Nach einer Hirnverletzung können Betroffene ihr Leben nicht einfach wieder aufnehmen. Warum ist das so?
Eine Hirnverletzung ist ein kritisches Lebensereignis, das bewältigt werden muss, um die eigene Identität innerhalb der Grenzen der zerebralen Schädigung wiederzuerlangen. Menschen mit einer Hirnverletzung müssen ihr Leben zurückgewinnen. FRAGILE Suisse kommt bei der Unterstützung der Betroffenen auf diesem Weg eine wichtige Rolle zu. Ich finde es entscheidend, einen Ansatz zu verfolgen, der auf die individuellen Bedürfnisse der Person und deren Umfeld ausgerichtet ist. Ziel ist es, den Betroffenen zu helfen, nach ihren Vorstellungen und Werten zu leben, Beziehungen zu führen, die Kontrolle über ihr Leben wiederzuerlangen, Entscheidungen zu treffen und eine erfüllte Identität zu haben.
Vor welchen Herausforderungen stehen Menschen mit einer Hirnverletzung in Bezug auf das Zeitmanagement?

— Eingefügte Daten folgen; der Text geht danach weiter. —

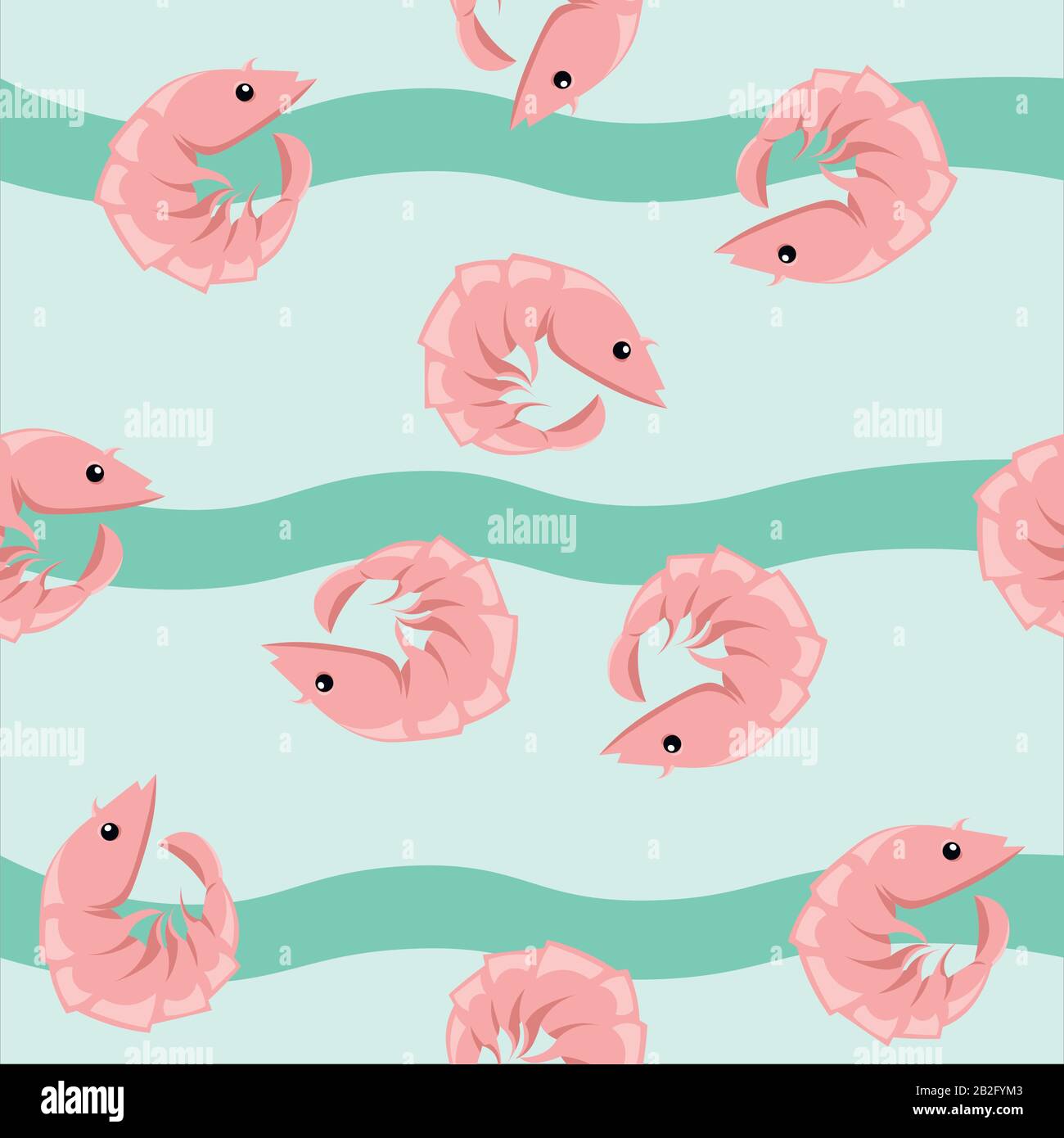 Shrimp pattern. Design for banner, poster, greeting card, napkin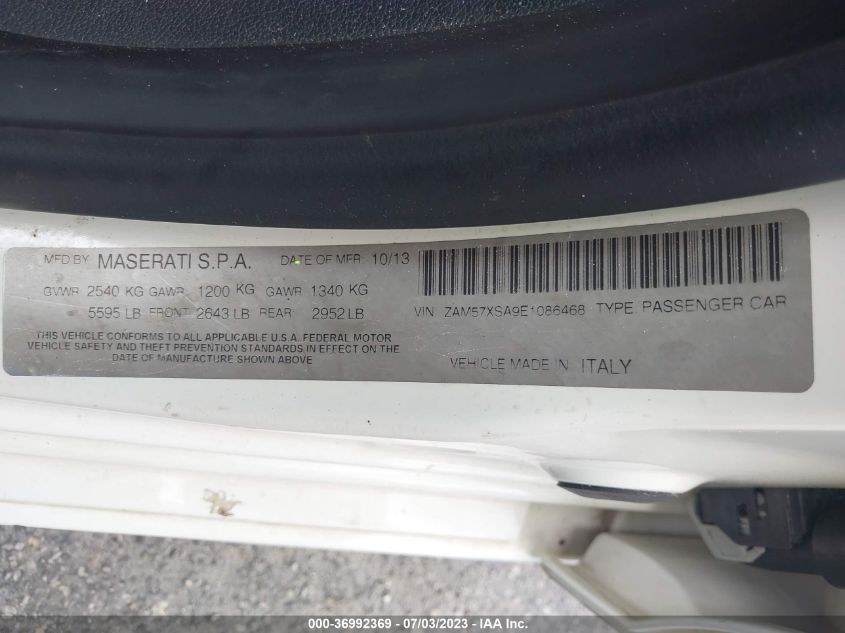 2014 MASERATI GHIBLI ZAM57XSA9E1086468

Eine Hirnverletzung beeinträchtigt den Fluss des Alltags: Betroffene haben Schwierigkeiten, Automatismen zurückzuerlangen. Die Schädigung kann die Motorik oder die Sprache beeinträchtigen. Sie kann auch zu Schwierigkeiten beim Auslösen einer Handlung führen, da die betroffene Person nicht mehr automatisch auf ein Handlungsmuster* zurückgreifen kann. Jede Handlung muss jedes Mal neu programmiert werden. Viele Tätigkeiten, die früher automatisch ausgeführt wurden, erfordern nun eine grössere kognitive Anstrengung und führen zu einer grossen Ermüdung. Es besteht die Gefahr eines emotionalen Zusammenbruchs. Diese Situation ist psychologisch sehr heftig und löst Stress aus.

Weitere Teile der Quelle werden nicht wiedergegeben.